Teach for America Adopts a Back-Up PlanBy Samuel Greengard | Posted 2013-08-30 Email Print
How Real-World Numbers Make the Case for SSDs in the Data Center
The not-for-profit organization adopted an advanced backup and recovery system to power its mission of boosting educational opportunities for children in poverty.
By Samuel Greengard
Improving teaching skills and boosting educational opportunities for children in poverty is at the center of Teach for America's mission. The organization, which operates 40 offices across the United States, has more than 10,000 corps members and reaches approximately 750,000 students. It partners with communities to develop teachers in 48 urban and rural regions nationwide.
"We aim to level the playing field," says Thomas Licciardello, vice president of technology operations. "We want to ensure that one day all children will have a chance for an excellent education."
IT is essential for the organization's success. Teach for America supports about 2,400 users—up from about 400 people seven years ago. During the same period, the number of IT support staff has swelled from about 15 to more than 100. Not surprisingly, data volumes also spiked. Teach for America has experienced an annual data growth rate of 50 percent.
About five years ago, Licciardello realized that a previous tape infrastructure wasn't keeping up.

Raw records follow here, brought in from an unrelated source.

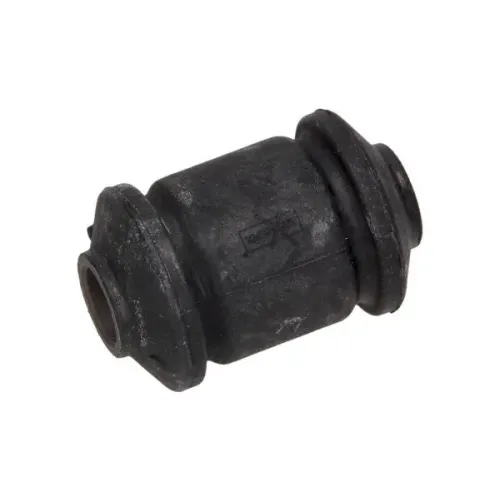 Csapágyazás, Kormány - MAXGEAR (MGZ-501029)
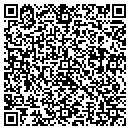 QR code with Spruce Street Gifts contacts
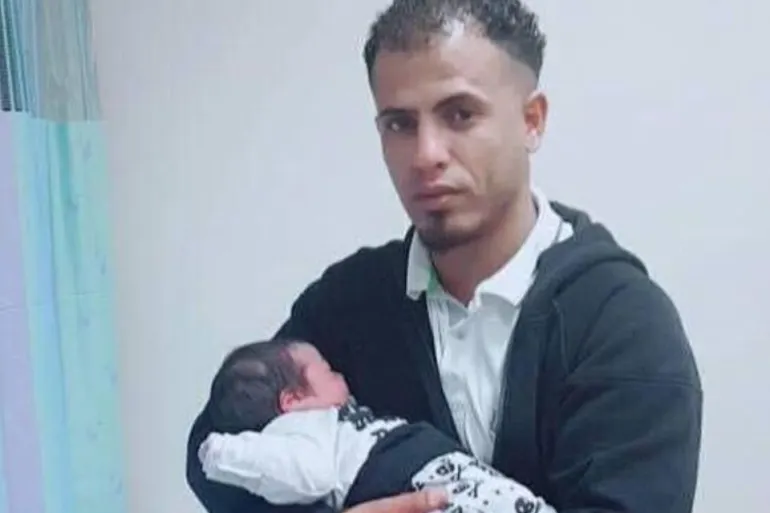 كشف كذب شرطي صهيوني قتل فلسطينيا بدم بارد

It didn't provide the level of protection required, and it was costly to operate. "It was failing," he says. "Appliances were breaking down, we had data integrity issues and we were missing backup windows."
Teach for America needed to revamp its storage infrastructure, install a storage area network (SAN), and adopt an integrated backup and recovery solution. "We needed a system that could handle the demands of a rapidly growing data environment," Licciardello says.
The organization evaluated products from a number of vendors before selecting a solution from EMC. It includes deduplication storage systems, software to manage storage, and a unified backup and recovery application. The environment integrates with a number of enterprise systems and critical database applications, including IBM, Informatica, Microsoft SQL Server and Exchange, and Oracle.
EMC's Avamar deduplication technology delivers daily full backups for remote offices across 180 virtual machines. Teach for America's IT team relies on VMware's Changed Block Tracking to accelerate both backup and recovery, and it uses EMC NetWorker software for centralized management and reporting.
The entire environment is replicated from the organization's New York City data center to a co-location recovery site located about 10 miles away. "We weren't interested in a one-and-done solution," Licciardello notes. "We wanted to take a comprehensive approach to storage and backup."
The results have been impressive. The organization has saved hundreds of thousands of dollars, and it is now achieving data reduction rates ranging from 6.5:1 for Oracle databases to 11:1 and 12:1 for Exchange and SQL Server respectively. In addition, backups that often stretched across weekends and into Monday mornings are now completed in about 17 hours, which translates into fewer productivity disruptions.
Finally, Teach for America has eliminated approximately 45 tapes per month. "There have been financial and practical benefits to eliminating tape," Licciardello reports. "If we need to restore, the process takes minutes rather than a full business day."
The comprehensive approach to IT has taken Teach for America into the digital age. "We have reached a point where we cannot miss a beat," Licciardello says. "There is an expectation that data and services will be there. The difference in how we use IT and operate as an organization is like night and day."